Segment Start: RAW DATA

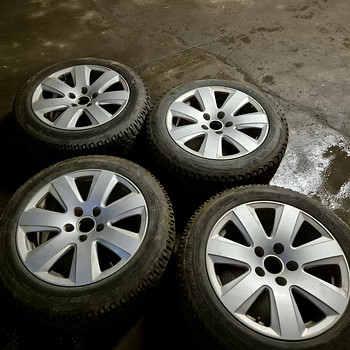 Audi volkswagen skoda r16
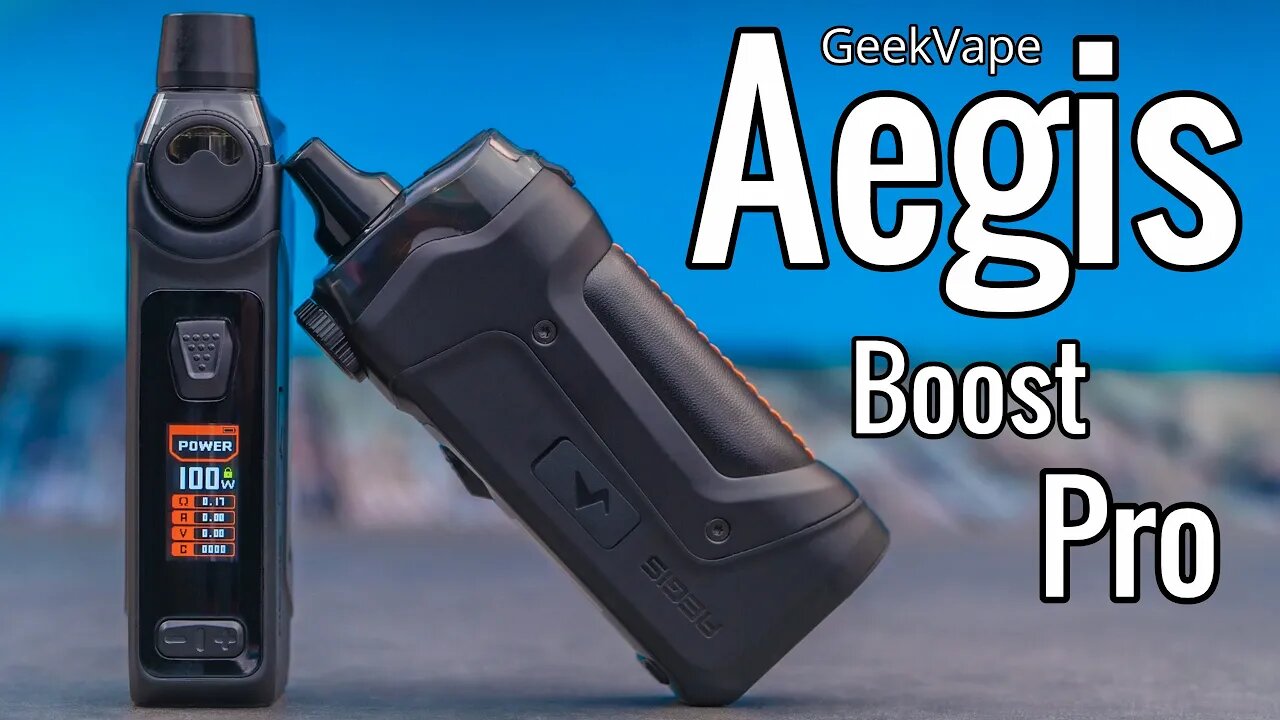 GeekVape Aegis Boost Pro 100W Kit? - Review & Special Opportunity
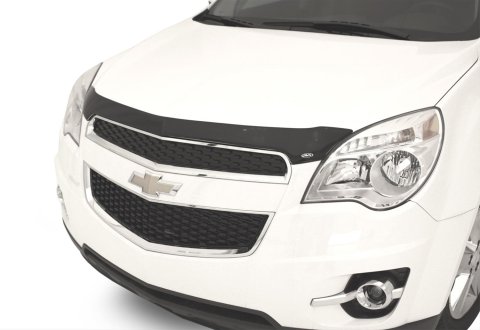 Husky Liners 10-17 Chevrolet Equinox Aeroskin Hood Protector - Smoke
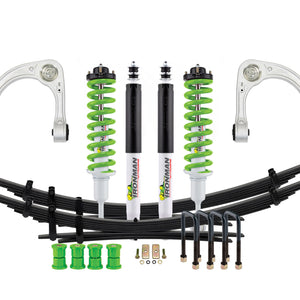 2-3" Nitro Gas Suspension Lift Kit for Toyota Tacoma (2005-2023)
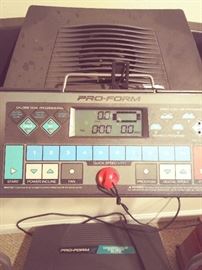 Pro-Form Control Display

Segment End: RAW DATA

TASK PROMPT. What is needed is an exact repeat of the records, with every picture left out.

RESPONSE BELOW.
 Audi volkswagen skoda r16
 GeekVape Aegis Boost Pro 100W Kit? - Review & Special Opportunity
 Husky Liners 10-17 Chevrolet Equinox Aeroskin Hood Protector - Smoke
 2-3" Nitro Gas Suspension Lift Kit for Toyota Tacoma (2005-2023)
 Pro-Form Control Display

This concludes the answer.